Hacker News new | ask | show | jobs
by nrmitchi 1685 days ago
As the author touches on, the main problem here isn't learning about indexes. It's about "infinity scaling" working too well for people who do not understand the consequences.

In no sane version of the world should "not adding a db index" lead to getting a 50x bill at the end of the month without knowing.

I am a strong believer that services that are based on "scale infinitly" really need hard budget controls, and slower-scaling (unless explicitly overidden/allowed, of course).

If I accidently push very non-performant code, I kind of expect my service to get less performant, quickly realize the problem, and fix it. I don't expect a service to seemingly-magically detect my poor code, increase my bill by a couple orders-of-magnitude, and only alert me hours (if not days) later.

11 comments

There's no free lunch. Cloud services trade performance woes for budget surprises. This may be preferable in some cases but the tradeoff should be recognised.
There's plenty of space in the middle though, no? Bank accounts cut you off if you hit a zero balance, or they can execute your transactions and charge you a fee. Why can't these services implement throttling or even halting if the charges hit a certain ceiling?
In some cases the query might have finished before the data hits the billing system.
That’s not an argument.

As long as query #2 doesn’t run, that’s better then nothing.

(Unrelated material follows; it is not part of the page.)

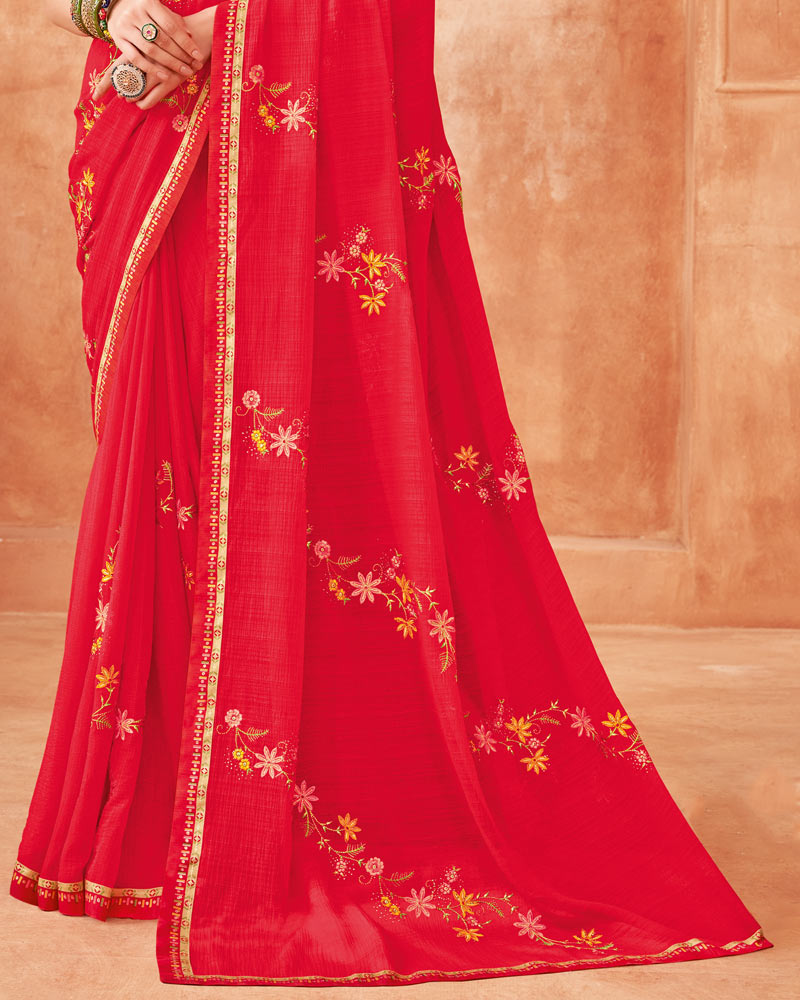 Vishal Prints Cherry Red Designer Patterned Chiffon Saree With Embroidery-Diamond Work And Fancy Border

So you want to add an overhead for each query to check an internal LRU cache that then checks the billing system? Just the overhead of hashing the query into some cacheable identifier will hurt performance.
Disagree; cloud services trade reduced operation work for higher prices. There is nothing inherent to "cloud services" that requires budget surprises.
> Cloud services trade performance woes for budget surprises.

I'm not sure why you think this is a trade-off. In general cloud services automate operations. Whether they are faster is unrelated. Many are not--services that use object storage for backing storage can be orders of magnitude slower than equivalent software using nVME SSD.

Our internal monitoring alerts for performance anomalies. Quite possible to scale and warn you.
> This may be preferable in some cases but the tradeoff should be recognised.

It's not a "tradeoff", it's a product feature.

>I don't expect a service to seemingly-magically detect my poor code, increase my bill by a couple orders-of-magnitude

When you put it like that, it sounds like an awfully good business to be in.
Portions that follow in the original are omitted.